This visual and art focused discussion is presented alongside our Timed Online Auction of Modern & Contemporary Art and Books, and the Blessing Ngobeni Art Prize (BNAP) auction, both running from 24 August – 31 August 2021,  and will focus and engage with a selection of artworks from the auctions.

 


 
The Panel Discussion:

Research published in Psychology of Aesthetics, Creativity, and the Arts in 2017 shows that the average person spends over 27 seconds looking at a work of art (ARTCritique: Leonadis Kalai 4 April 2019). The aim of this discussion is to encourage people to spend more time engaging with works of art.

Selecting artworks from the auction, each panelist will reveal their thoughts on themes, styles and subject matter, detailing every aspect to encourage newfound appreciation and value.

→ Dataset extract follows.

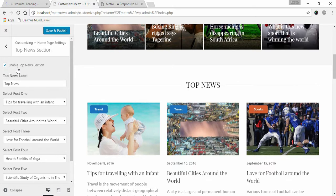Check Enable Top News Section for it to appear on your home page.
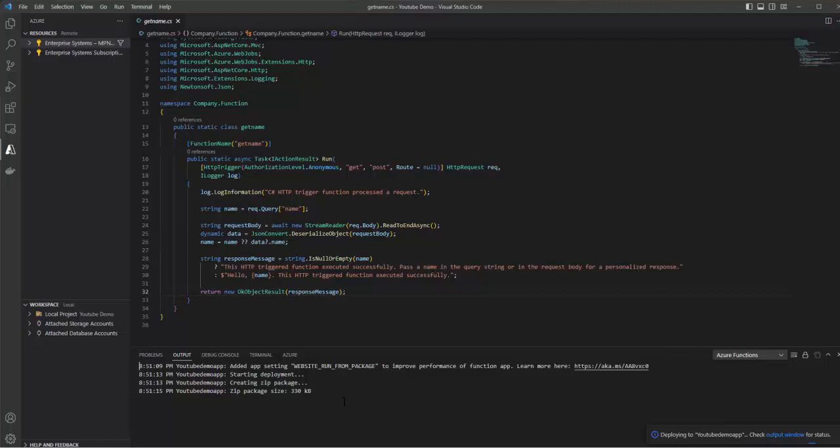Let's copy this URL and check whether it's working fine or not. Ctrl+C, web browser, click on this. This is working fine. 'This HTTP trigger function executed successfully. Pass a name in the query string or in the request body for personalized response.'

To be hosted and chaired by Makgati Molebatsi, Senior Art Specialist, the discussion was inspired by Slow Art Day, a global initiative which aims to assist more people discover for themselves the joy of looking at and enjoying art.

 


 
The Panellists:

Dr Sizakele Marutlulle: Art Collector and Patron

For this multi-nationally anchored citizen, strategist, brand-builder, global speaker, teacher, and champion for fentrepreneursä, creative problem solving is her raisond’etre. Throughout her career (as an Executive in the public and private sectors as well as an entrepreneur) Sizakele has had the privilege to lead multi-national ad agencies, high impact corporates, public sector entities, social organisations, brands and management teams to growth to and prosperity through a structured intersectional strategy process.

She applies the experience amassed across Africa, in the Americas, her working knowledge of Asia and Europe, as well as deep international and continental insights to every assignment and engagement. She is a frequent world-traveller and highly sought-after keynote speaker, business analyst, published writer and contributor on matters of brand, diversity, fentrepreneurship as well as transformational leadership. When she is not solving for businesses, she invests much time mentoring and coaching the future-wave of female leaders through The Exchange – a mentorship platform that she founded and funds.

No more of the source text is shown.